A SURGE in public anger over payment protection insurance (PPI) has helped push up complaints about financial institutions more than a fifth to 2.26m.
Complaints about the controversial method of cover jumped 85 per cent to nearly 980,000 in the second half of last year, according to the Financial Services Authority.
The total paid out in redress for general insurance and payment protection hit £2.1bn, after banks abandoned a long-running battle against accusations of PPI mis-selling.
The overall number of complaints rose 21 per cent to 2.26m. Barclays was the single organisation with the most number of complaints, at 282,899, over the period, although the different arms of Lloyds Banking Group opened nearly 450,000 complaints altogether.
The figures show, however, that the number of complaints about banking products fell two per cent to 787,096, their lowest level since the second half of 2006.

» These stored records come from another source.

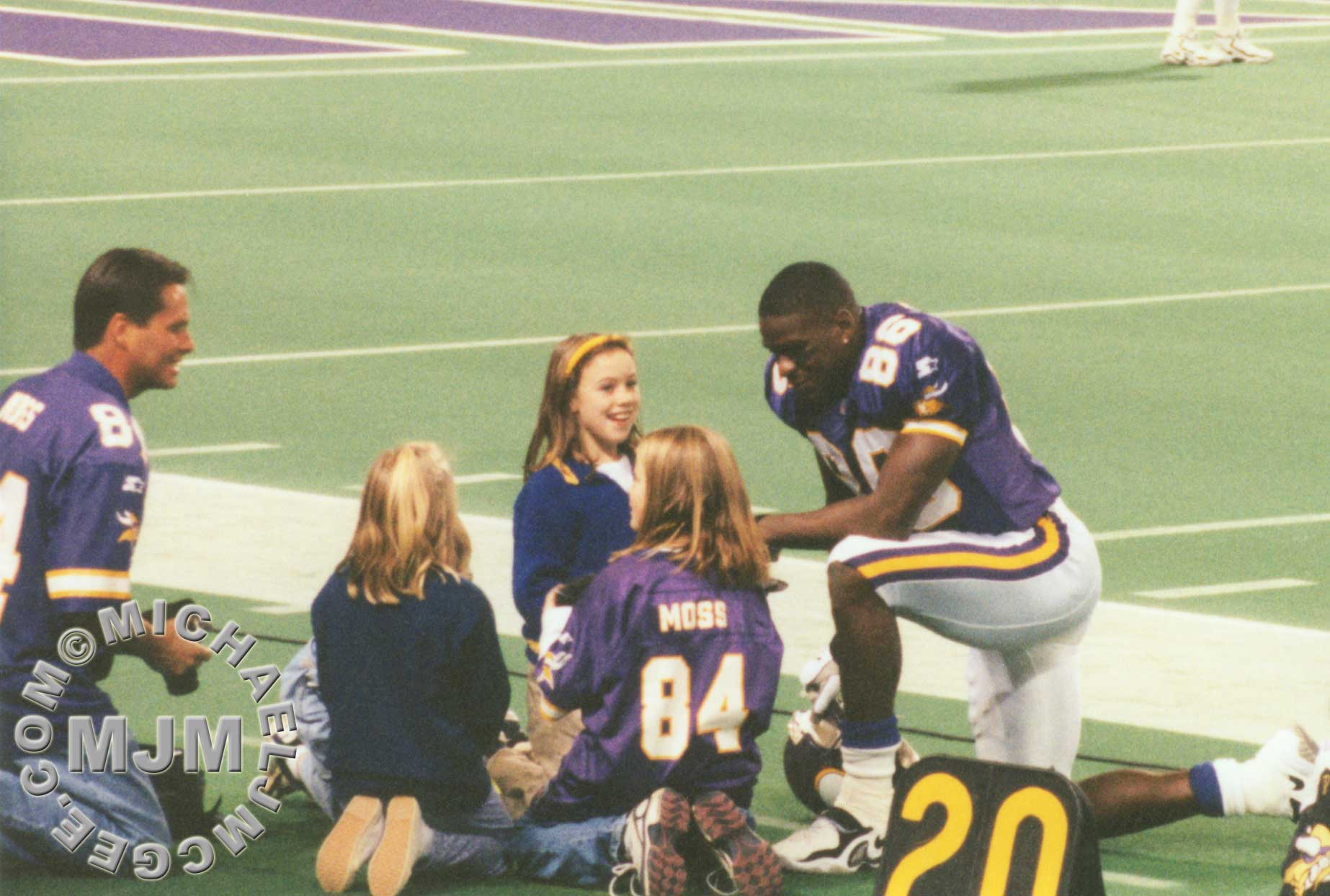 Jake Reed with the kids
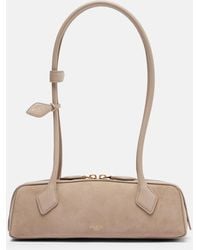 Alaïa - Le Teckel Small Suede Shoulder Bag - Lyst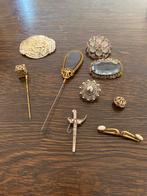 Antieke Broches & Spelden Collectie, Overige materialen, Gebruikt, Minder dan 4 cm, Ophalen of Verzenden
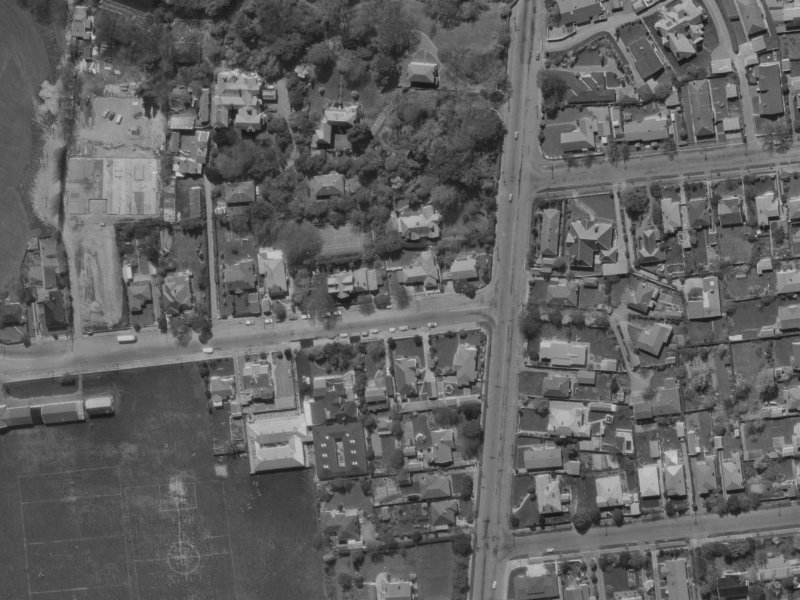 4 Kirkwood Avenue from the air, 1970-1974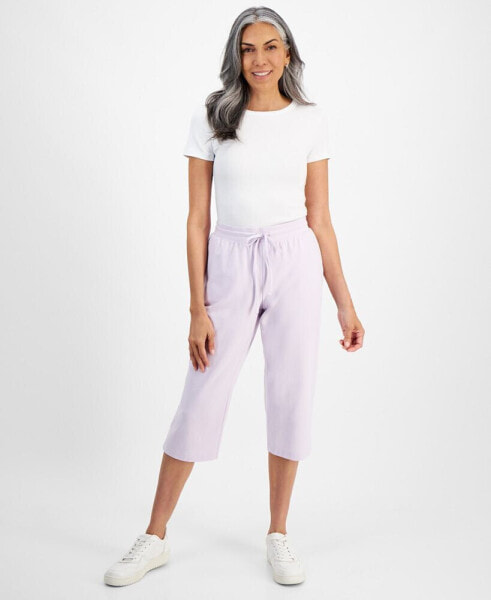 Women's Mid Rise Capri Sweatpants, Created for Macy's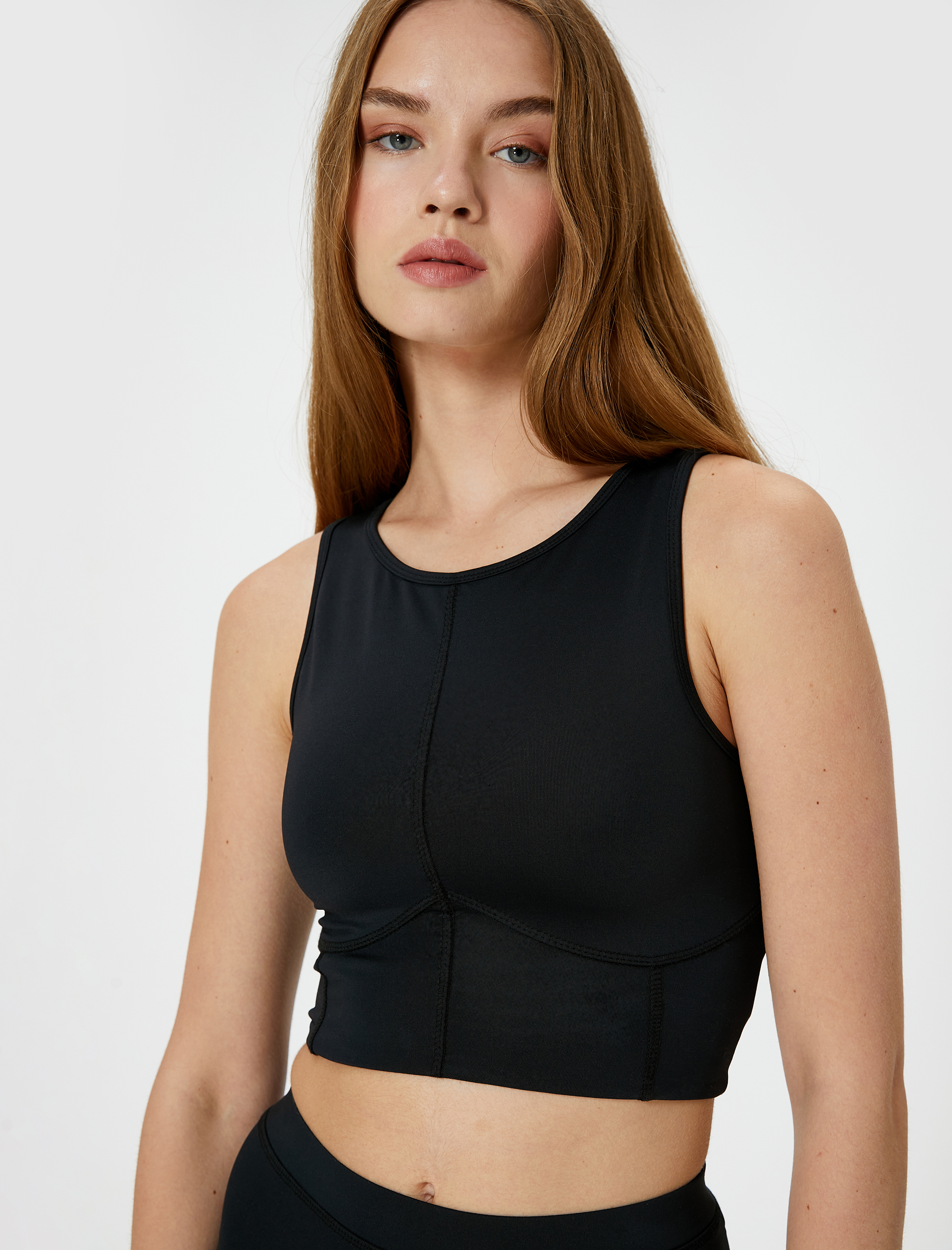 Koton Kadın Arkası Pencere Detaylı Sporcu Sütyeni Slim Fit -1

The British Bankers’ Association said: “Claims from customers for PPI repayment are being resolved as quickly as possible for customers, but the high volumes generated by for-profit claims management companies need similar attention.”
Antony Jenkins, chief executive of Barclays Retail and Business Banking, said they had made progress in cutting the number of annual complaints by 31 per cent and Lloyds said it had cut banking complaints by 30 per cent although the overall figure rose because of PPI.
Richard Lloyd, Which? executive director, called for new regulator the Financial Conduct Authority “to be a watchdog not a lapdog.”